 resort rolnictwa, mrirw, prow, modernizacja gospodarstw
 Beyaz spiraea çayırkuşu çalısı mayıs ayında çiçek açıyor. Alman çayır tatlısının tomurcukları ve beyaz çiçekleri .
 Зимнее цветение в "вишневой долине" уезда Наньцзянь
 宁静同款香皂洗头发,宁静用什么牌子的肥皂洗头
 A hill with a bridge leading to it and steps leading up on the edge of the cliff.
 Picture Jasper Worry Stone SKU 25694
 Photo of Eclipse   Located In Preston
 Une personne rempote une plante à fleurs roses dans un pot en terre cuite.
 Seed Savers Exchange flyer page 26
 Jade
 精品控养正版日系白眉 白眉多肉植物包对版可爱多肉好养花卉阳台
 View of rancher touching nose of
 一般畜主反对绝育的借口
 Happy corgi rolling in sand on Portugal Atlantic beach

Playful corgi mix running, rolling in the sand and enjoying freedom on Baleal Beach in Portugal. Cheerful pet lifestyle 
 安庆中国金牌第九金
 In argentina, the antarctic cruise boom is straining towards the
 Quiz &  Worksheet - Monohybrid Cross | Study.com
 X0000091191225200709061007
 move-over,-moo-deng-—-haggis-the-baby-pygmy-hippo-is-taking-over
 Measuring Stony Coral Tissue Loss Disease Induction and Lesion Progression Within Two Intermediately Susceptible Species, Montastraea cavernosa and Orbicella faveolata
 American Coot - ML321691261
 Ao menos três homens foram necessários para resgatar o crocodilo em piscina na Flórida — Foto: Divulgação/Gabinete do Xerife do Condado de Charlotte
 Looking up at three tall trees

WHAT TO DO: The lines sought are those in the data above that include the string "sand"; copy each one.

TASK ANSWER:
 Happy corgi rolling in sand on Portugal Atlantic beach
Playful corgi mix running, rolling in the sand and enjoying freedom on Baleal Beach in Portugal. Cheerful pet lifestyle 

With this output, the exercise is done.